--- Data section ---

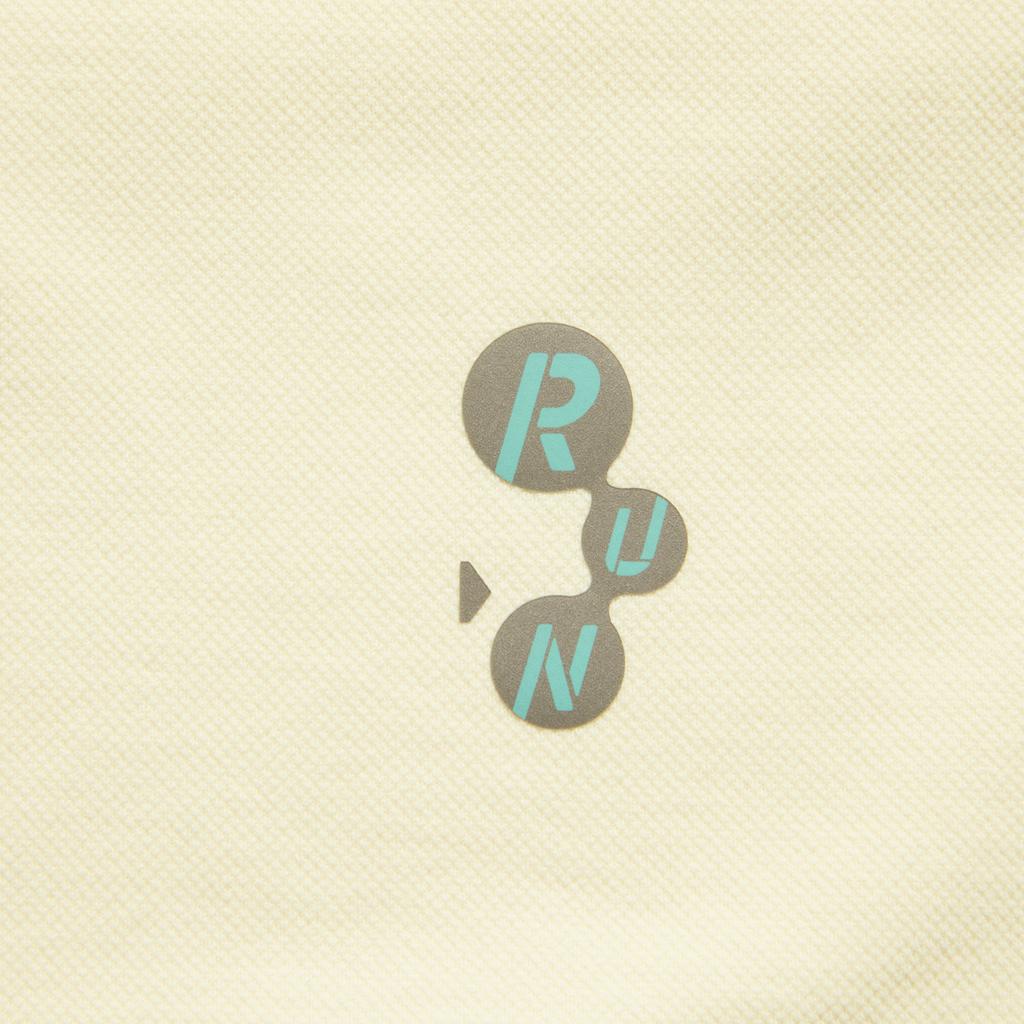 Li Ning Comfortable Slim Fit Long Sleeve Running T-Shirt Women Tops Gelato-Yellow ATLU048-2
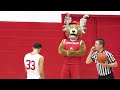 columbia lions vs fairfield stags men s basketball video highlights overtime november 27 2015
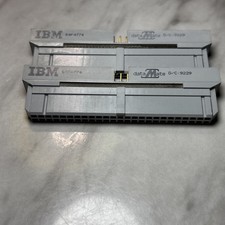 IBM Internal  SCSI  Terminator - Inline Single FRU 64F4774 50-pin F to 50-pin M picture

---

● **Task directions**: Print the lines from the line containing "columbia lions vs" through the last line of the listing, exactly as they stand, and leave any pictures out.

● **Solved exercise**:
 columbia lions vs fairfield stags men s basketball video highlights overtime november 27 2015
 IBM Internal  SCSI  Terminator - Inline Single FRU 64F4774 50-pin F to 50-pin M picture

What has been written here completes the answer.